A small deer appeared on the other side of the water. It was small and delicate. Probably would taste nicer than fish. But I wouldn’t have killed it, even if I had a weapon. It was just a baby. My lack of killer instinct would probably get me killed one day. The deer took a sip of water.
A fish jumped out of the lake, arching its body as it shot out a jet of liquid that hit the deer. It froze, then toppled forward into the water. As soon as it hit the water, it came back to life, struggling to get out. The water around it churned, thrashing wildly, as the deer was stripped of its flesh in seconds.
I didn’t feel like doing any more fishing after that.

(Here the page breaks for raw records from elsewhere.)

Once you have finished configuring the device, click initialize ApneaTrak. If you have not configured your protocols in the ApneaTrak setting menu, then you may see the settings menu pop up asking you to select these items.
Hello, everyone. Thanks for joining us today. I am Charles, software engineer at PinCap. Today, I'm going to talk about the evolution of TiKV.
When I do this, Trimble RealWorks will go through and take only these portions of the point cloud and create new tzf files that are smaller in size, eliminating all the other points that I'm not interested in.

I found a branch, stripped it down to a pole using my dagger, my one piece of equipment, and attached the fish to it. I hoisted the pole onto my shoulder, and set off back to the city.
No more messing about. Sell the fish, buy a boat ticket, get to Arthur’s shrine and kit myself out in BiS gear. If I wanted to survive on my own, I couldn’t afford to piss about. All the movies, books and video games about worlds like this one had given me a clear idea of what to expect here, and how to handle it. And it had paid off. I was still alive. My party was still alive, somewhere, thanks to me. I had what it took, I just needed to realign my focus.

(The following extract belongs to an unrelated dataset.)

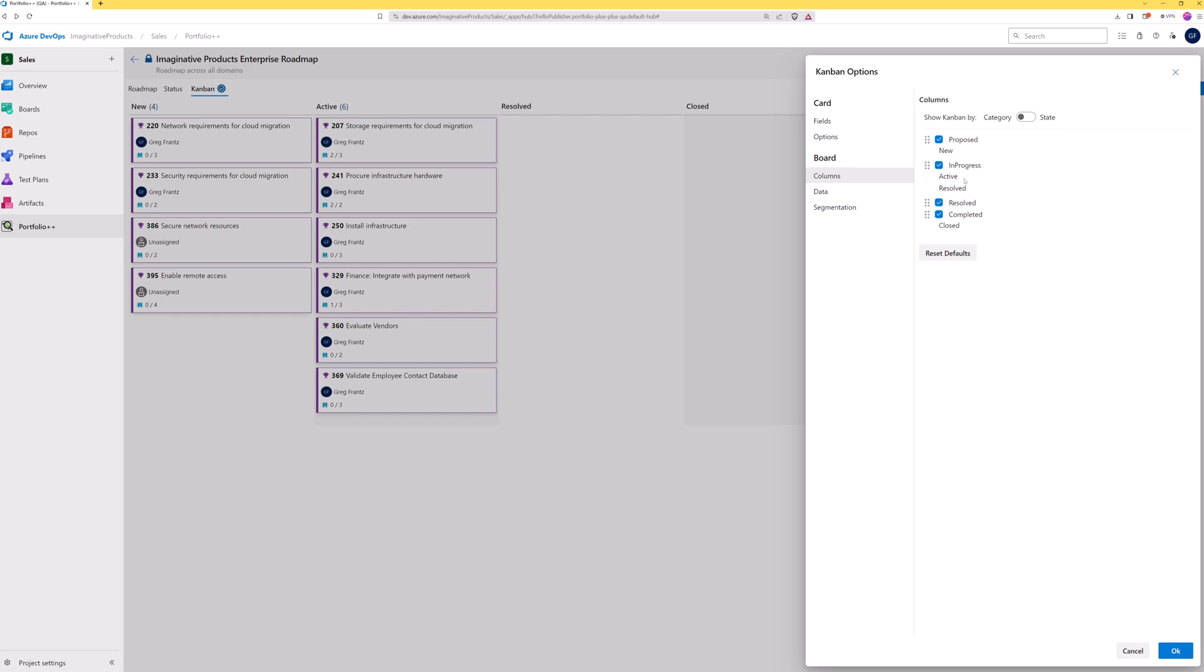In this case, if state category is chosen, the work items that have an active or resolved state will be combined into a single column called in progress. The state categories are a constant as they are defined with the same names in all process templates.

And I had access to someone who knew this world back to front. Everything I wanted to know, I could ask her. I didn’t need Maurice and his stupid fucking notebook.
“Why are we here?” I asked her, to get the ball rolling.
“I have no idea.”
“Where do we get our abilities from?”
“I wish I knew.”
“How did Peter control the spires?”
“He was always too secretive to tell us.”
I didn’t need her help. I could do just as well flying by instinct.
“The city’s in the other direction.”
“Leave me alone.”
Sell the fish, get on a boat, don’t look back. It was a good plan. It was my only plan, but it involved getting as far away as possible from everybody, so it was a great plan.